Birokrasi. Sumber ilustrasi: KOMPAS.com/GARRY LOTULUNG

Seram Bagian Barat (SBB) tak kunjung menjadi lebih baik. Kabupaten yang dimekarkan dari Kabupaten Maluku Tengah ini sudah dipimpin oleh dua orang bupati sejak berstatus sebagai kabupaten sendiri di propinsi Maluku. Dua periode dipimpin oleh Bupati Jacobis Puttileihalat, kini bumi Saka Mese Nusa dipimpin oleh Bupati M. Yasin Payapo sejak 22 Mei 2017. 

Ketika kampanye dulu, Payapo mengusung slogan "Biking Bae", artinya berbuat (lebih) baik untuk memperbaiki dan membangun SBB. Akan tetapi, hampir empat tahun memimpin, SBB tak kunjung menjadi lebih baik. Kabupaten ini masih sama seperti yang dulu, atau bahkan lebih buruk dari tahun-tahun sebelumnya.

Bupati yang mengawali masa kepemimpinan dengan menyunat dana desa untuk mendukung Pesta Paduan Suara Gerejawi (Pesparawi) di SBB ini, padahal ada pos anggaran sendiri Pesparawi, hingga sekarang tak bisa melakukan terobosan-terobosan kreatif dan berarti untuk membangun daerah dan masyarakatnya. 

Salah satu yang diangkat di sini adalah kelambatan, atau lebih tepatnya kelalaian, sang Bupati bersama legislator di SBB dalam menghasilkan produk peraturan daerah yang pro masyarakat. Salah satunya adalah aturan mengenai negeri adat dan pemerintah di negeri adat di SBB, serta desa-desa dan pemerintahan desa administratif (untuk dusun-dusun yang kemudian ingin dimekarkan menjadi desa).

Sampai hari ini negeri-negeri adat di SBB masih dipimpin oleh seorang pejabat sementara atau caretaker. Seorang pejabat sementara semestinya mempersiapkan pemerintahan negeri adat secara definitif. Namun, sampai kini Payapo tampaknya tidak memiliki keinginan politik untuk membereskan situasi ketidakpastian tersebut. 
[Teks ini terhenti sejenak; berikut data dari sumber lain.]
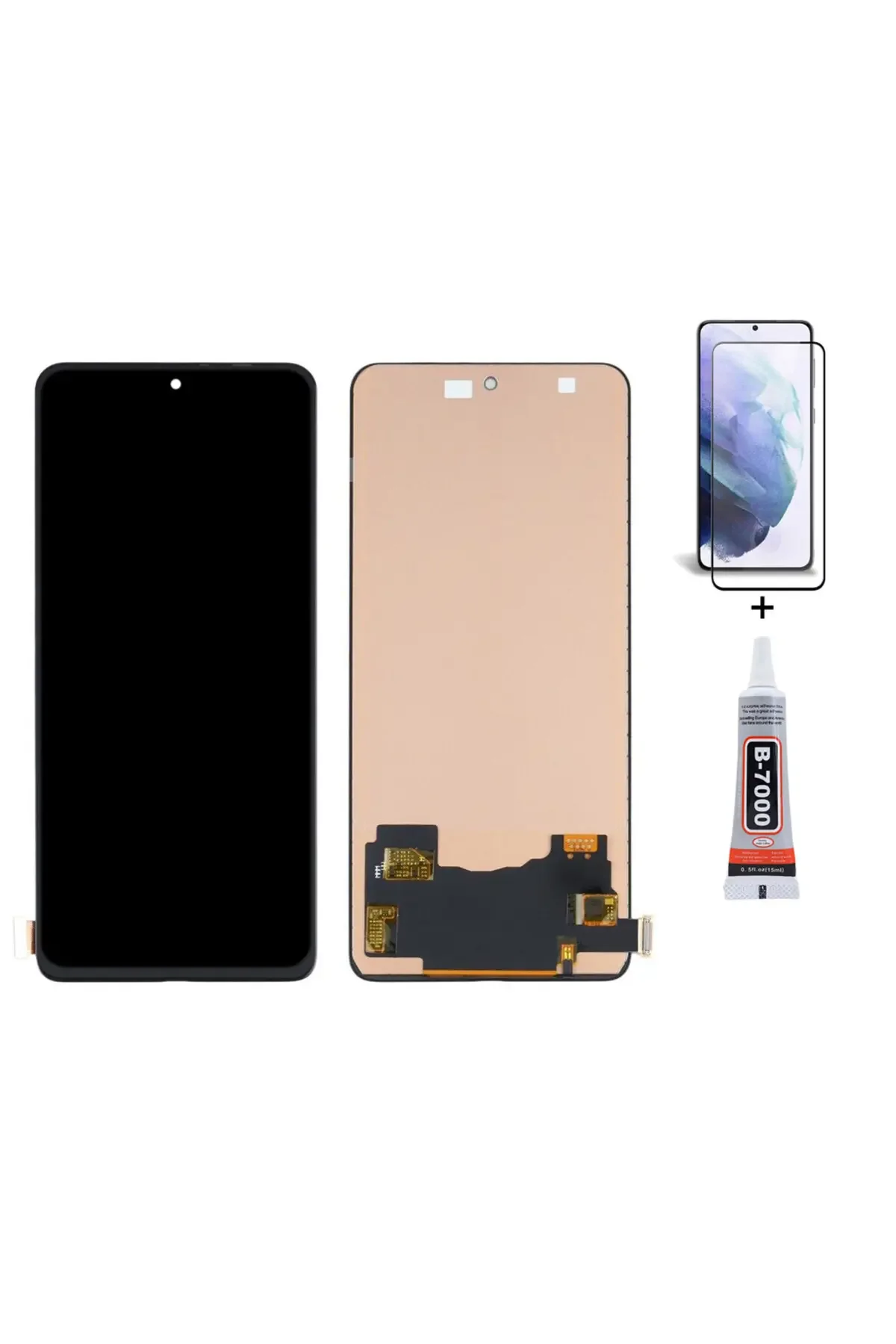 Xiaomi Pococo F3 Pro Ekran Dokunmatik OLED Çıtasız (Çerçevesiz)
Alhasil, negeri-negeri dan dusun-dusun di SBB terus hidup dalam ketertinggalan dan tidak merasakan dampak kehadiran seorang bupati. Negeri-negeri dan dusun-dusun menjadi daerah-daerah auto pilot. Tanpa bupati pun mereka bisa berjalan sendiri. Karena itu, kita bisa dengan tegas mengatakan bahwa pemekaran dan kepemimpinan Payapo hingga kini tidak berdampak signifikan. "Biking Bae" hanyalah slogan pemanis bibir di masa kampanye hampir empat tahun lalu dari seorang politikus Payapo.

Payapo Mesti Berani, Kreatif, dan Berbuat untuk Semua

Sebagai seorang pemimpin, Payapo harus berani mengambil langkah politik, dan kreatif merancang dan mengeksekusi program-program pemberdayaan masyarakat SBB. Tentu, karya pembangunan yang dilakukan Payapo tidak boleh terbatas pada kampung tertentu saja, atau pada wilayah-wilayah yang memberikan "keuntungan" dalam konteks politik elektoral.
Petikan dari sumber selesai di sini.